DNA sequencing centre, Wellcome Sanger Institute, 1990s

Categories: Sanger Science9 August 20228.1 min read

Finishing genome puzzles

By Alison Cranage, Science Writer at the Wellcome Sanger Institute

In the early days of the Sanger Institute, several teams of ‘finishers’ worked on the Human Genome Project. As the name suggests, their role was at the very end of the process; they were responsible for checking and correcting errors in the sequence of letters that represents the genetic code of a human. The teams made sure that the millions of pieces of data churned out by the DNA sequencing machines were correctly assembled in the right order, to represent the final, whole, 3.3 billion pairs of letters in the human genome.

As sequencing technology changed, the role has changed too. But many finishers who started at the Institute still work here 25 years on, using their skills on a variety of other projects and other genomes. We spoke to staff about their experiences, and how genome assembly has evolved over the last two decades.

Alan Tracey started at the Sanger in 1998, just a few years after the Institute opened. He quickly picked up the job as a finisher, even without any previous experience in either science or computing. Soon, it was taking him a week or two to complete a 150,000 letter-long stretch of the genome. “I have no idea why I was able to churn through the work so quickly to be honest. I wasn’t working long hours. I just enjoyed the work I suppose, and it was a natural fit. I got the bit between my teeth and I wanted to make an impact, to do something good,” Alan says. In 2001 he was recognised as the individual having contributed the most finished sequence to the entire Human Genome Project, though he stresses that the work was one part of a multi-stage process and a huge team effort.

In essence, the finishers checked that fragments of code, representing DNA sequence, were in the right order, the right orientation and the right place, much like a jigsaw puzzle. “A lot of the time, you’d have generic parts, where it could be assembled in different ways. If you use the puzzle analogy, it’s like if you had a lot of sky. You need to put the context together around it to get everything in the right place. At the same time you’re trying to resolve single letter errors, which were common. So it was very detailed work,” says Alan.

This task was made possible by software programmes, such as the Genome Assembly Program (GAP), created by James Bonfield, Kathryn Beal and colleagues at Rodger Staden's Lab at the MRC-LMB, which allowed the finishers to visualise, display and manipulate the data, to help solve and check genome assemblies.

The process was labour intensive, demonstrated by the fact that 40 or so finishers were employed to work on the Human Genome Project. But the result was a high quality genome sequence, and the first draft of the human genome was declared finished in 2001, revolutionising biology. As the Human Genome Project was coming to a close, some finishers left the Institute, but many went on to work on other organisms.
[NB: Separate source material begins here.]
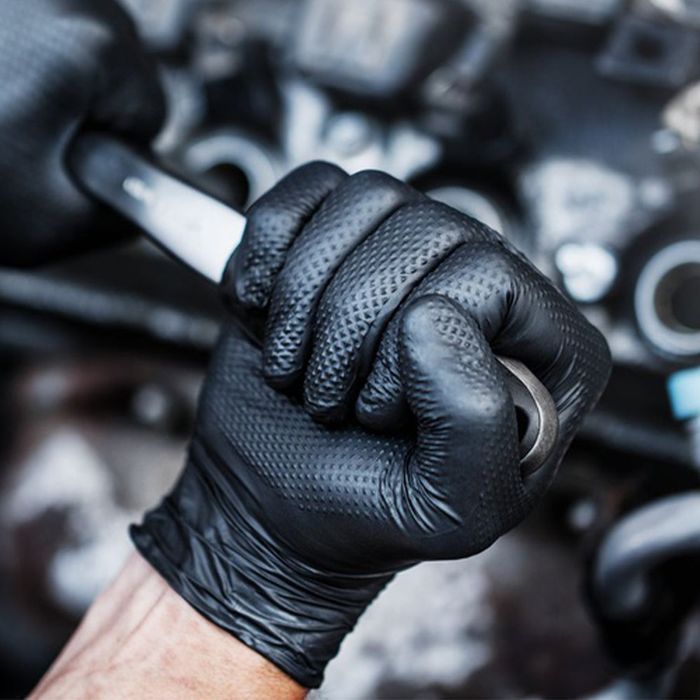 Manusi nitril premium mercator gogrip negru pentru mecanici, marimea m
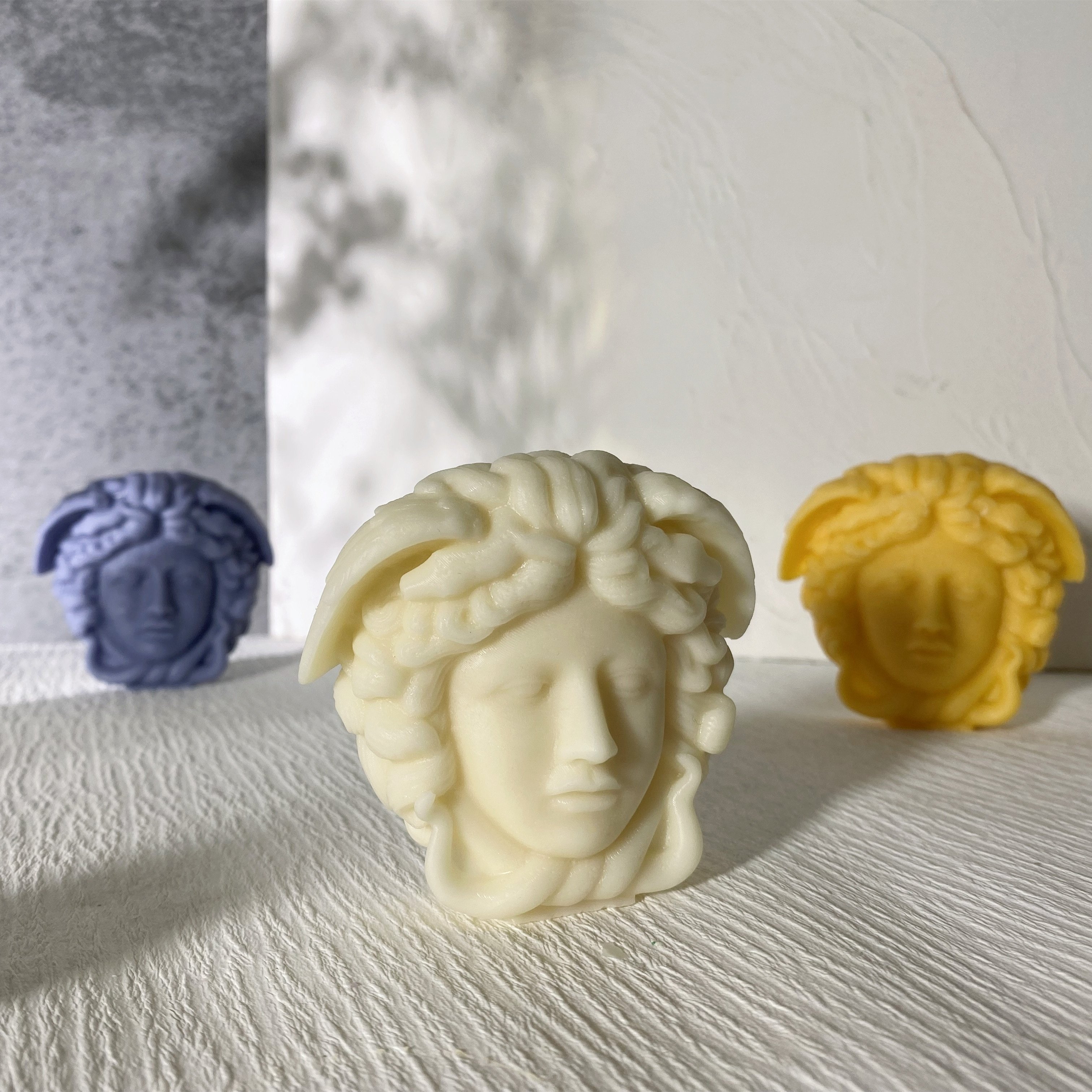 D-8136 Medusa Head Silicone Mold Candle Making Supplies Face Snake Hair Plaster Statue Crafts Make Tools Soy Wax Mould Ornament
Screenshot 2022-08-01 111122

Viewing genome sequence data, late 1990s

The zebrafish

Riding on the success of the human genome, confidence was high starting out on the zebrafish. However, it soon became obvious that one genome is not like another. Problems appeared that had never been encountered before. One of the many issues the teams faced was the amount of DNA - there was much less raw material to work with, compared to the human genome project. One solution, Alan says, was to combine material from 40 different fish. The result was enough DNA to prepare for the sequencing machines, but because it was from 40 individuals, the data that came out the other end were hard to interpret. It was difficult to find the consensus. Other issues were overcome with different laboratory preparation techniques and chemistries.
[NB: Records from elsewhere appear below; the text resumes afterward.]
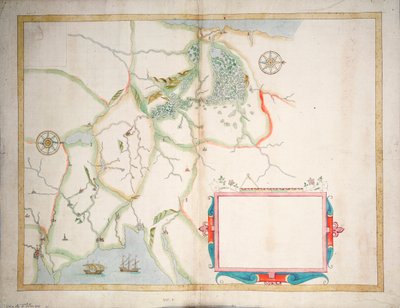 Irlanda Central, Dublín a Sligo, c.1600 (sobre lino) de Baptista Boazio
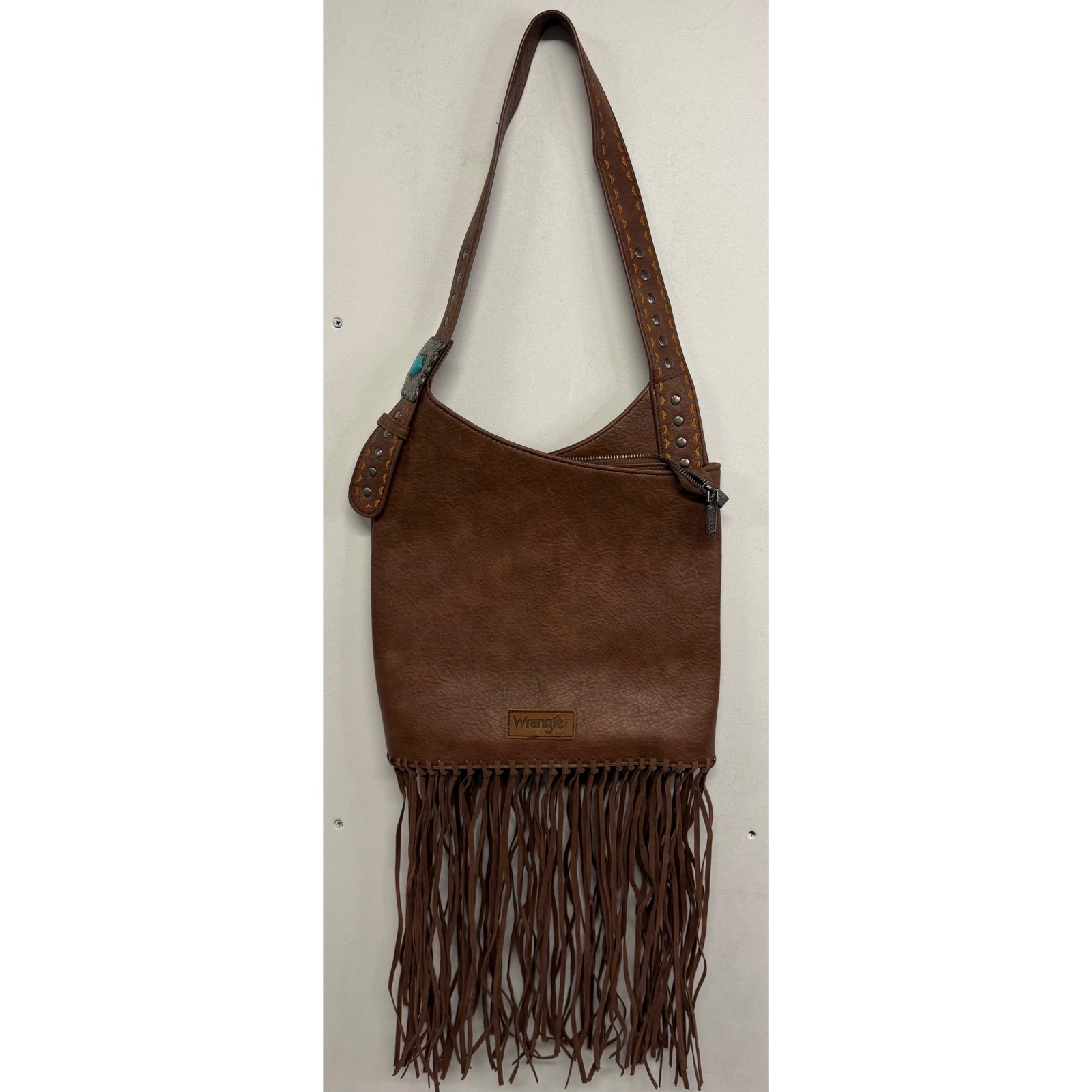 Wrangler Brown Leather Fringe Hobo Bag Western Boho Studded Turquoise Accent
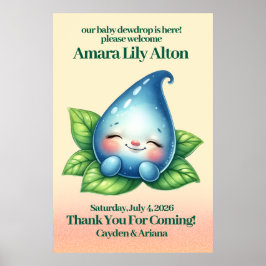 かわいい眠りベビードロープベビーシャワーウェルカム ポスター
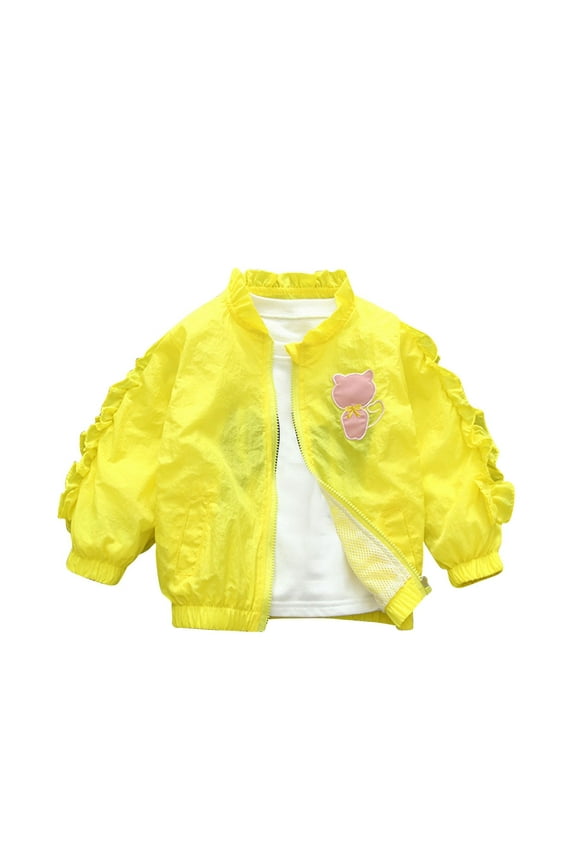 4-15Y Girls Juniors Ruffled Jackets Spring Zip Up Kids Lightweight Windbreaker Jacket Outerwear Yellow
The zebrafish genome was also riddled with short repetitive sequences – most commonly repeats of ‘TA’. The sequencing wasn’t able to get through these, it would run into them and ‘just kind of tail off’. Other regions were impossible to sequences due to their tightly wound structure. These issues were not able to be resolved with the technology available at the time.

Zebrafish from pixabay no credit required

“I remember saying to one of the BoM [Board of Management] members back then - the only way that you're going to sort the worst regions of the human genome is to have really long reads of very high quality. It was obvious what the answer was, but that technology wasn't around for more than 10 years after we were talking about it,” says Alan.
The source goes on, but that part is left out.